The evaluation of the personnel policy was reduced to the way in which absent staff is replaced and to the permanent training of personnel. Other aspects were not taken into account.
(3) The evaluation by the evaluation committee was not correctAs regards the marks awarded to the complainant's tender, the complainant provided two pages of detailed comments on the various sections of the evaluation chart, which, next to the marks given within each section, also contained references to the relevant pages of the complainant's offer.
On the basis of the above elements, the complainant concluded that Parliament had acted illegally when awarding the contract for the Wayenberg Crèche to the firm R. The complainant pointed out that it did not have a claim for material damages, but that it wished to obtain compensation for moral damages.
THE DECISION
1 Preliminary remark1.1 Until 2005, the European Parliament had two crèches for pre-school children in Brussels. One of the crèches, the Eastman Crèche(8), was managed for 13 years by the complainant, a Belgian company, following successive tender procedures. The second crèche was called the Trèfle Crèche. Given that these two facilities were unable to meet the anticipated demands of an increased number of potential users, Parliament decided in 2001 to launch a project for the creation of a large-capacity crèche. This new crèche - the Wayenberg Crèche(9) - was intended to accommodate all the children currently using the existing facilities, to absorb the children included in the waiting list and to cope with the increase in applications likely to materialise as a result of the forthcoming enlargements of the EU. A tender procedure was organised, in which the complainant participated. However, in the end, the management of the Wayenberg Crèche was awarded to the firm R.

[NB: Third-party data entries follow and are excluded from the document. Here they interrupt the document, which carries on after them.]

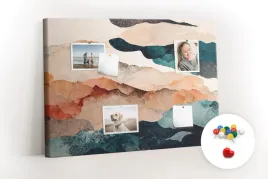 obraz-canvas-tablica-korkowa-krajobraz-sztuka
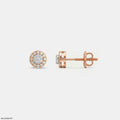 Orbit Halo Kids Diamond Earrings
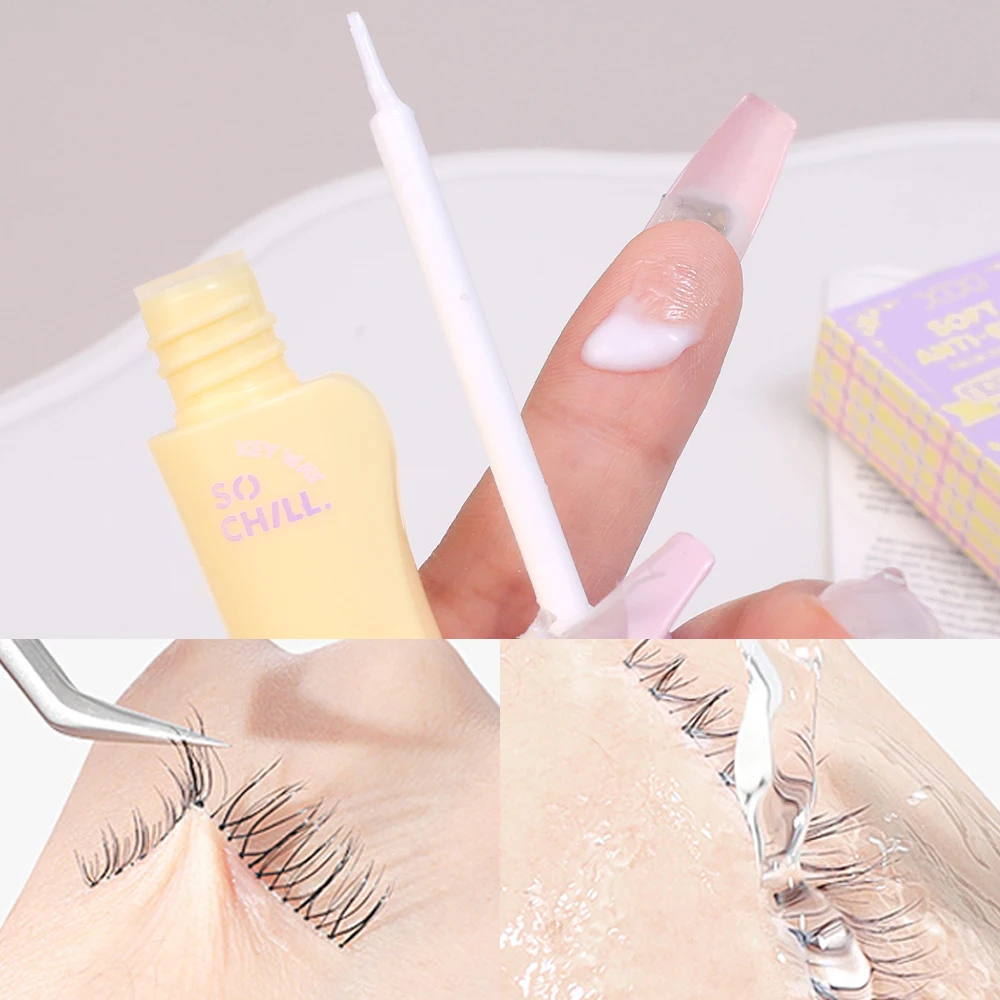 Non-irritating Fake Eyelash Glue Freeze-Proof White Quick Dry Eyelashes Extension Glues Lasting Strong Lashes Adhesive Makeup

1.2 The complainant subsequently turned to the Ombudsman. This complaint, which was submitted to the Ombudsman on 16 August 2006, concerned an alleged lack of information by Parliament. More particularly, the complainant alleged that Parliament had refused to communicate to it clearly and concretely the relative advantages of the offer selected for the management of its Wayenberg Crèche, and claimed that Parliament should provide it with this information. The complainant further alleged that, contrary to the requirement set out in Article 19 of the European Code of Good Administrative Behaviour(10), Parliament had failed to indicate to it the available possibilities of appeal. In his letter of 8 November 2006 opening an inquiry into the complaint, the Ombudsman asked for Parliament's opinion on the above two allegations and claim. The Ombudsman's inquiry into these two allegations and the claim, as well as his conclusions are set out below in points 2 (the first allegation as well as the claim) and 3 (the second allegation).

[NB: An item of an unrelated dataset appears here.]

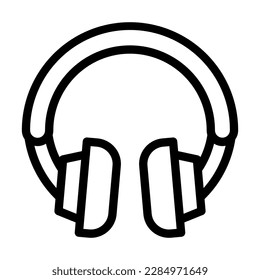 Headset Vector Line Icon Design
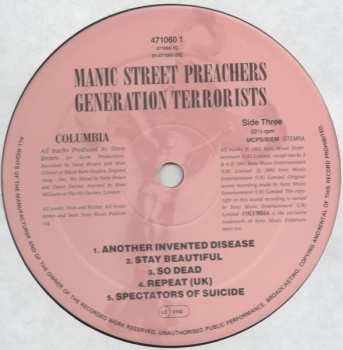 2LP Manic Street Preachers: Generation Terrorists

1.3 In its original complaint, the complainant further argued that the information that had been communicated to it concerning the assessment of its own proposal was (1) vague, (2) not unequivocal, (3) based on a purely subjective appraisal, (4) incomplete and (5) incorrect. According to the complainant, these issues could indicate that Parliament had illegally awarded the contract to the firm R. The complainant pointed out, however, that it would not be able to judge whether a further complaint concerning unequal treatment and infringement of its rights would be justified, until it had received the information concerning the relative advantages of the successful offer. It went on to point out that this information was the subject of the above-mentioned first allegation.

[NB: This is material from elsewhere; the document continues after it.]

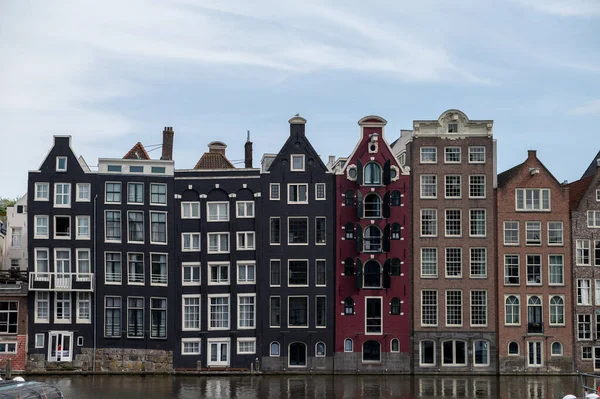 Amsterdam Nizozemsko Červenec 2023 Kanálové Domy Vidět Amsterdamu — Stock fotografie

1.4 It appears that, by letter of 25 January 2007, Parliament finally sent to the complainant the information which the latter had requested and which formed the subject of the first allegation in its complaint to the Ombudsman. In this letter, which explicitly refers to the complaint submitted to the Ombudsman, Parliament informed the complainant of the relative advantages of the successful tender. More particularly, Parliament quoted two pages from the evaluation report relevant to the evaluation of the tenders submitted by the complainant and the successful tenderer. The letter also reproduced the final evaluation chart prepared by the evaluation committee, which showed to the six competing firms the marks awarded for each of the three evaluation criteria, as well as the total marks for each of them. Additionally, Parliament also attached to its letter a more detailed five-page evaluation chart concerning the evaluation of the complainant's tender (with detailed marks for all the three criteria and sub-criteria).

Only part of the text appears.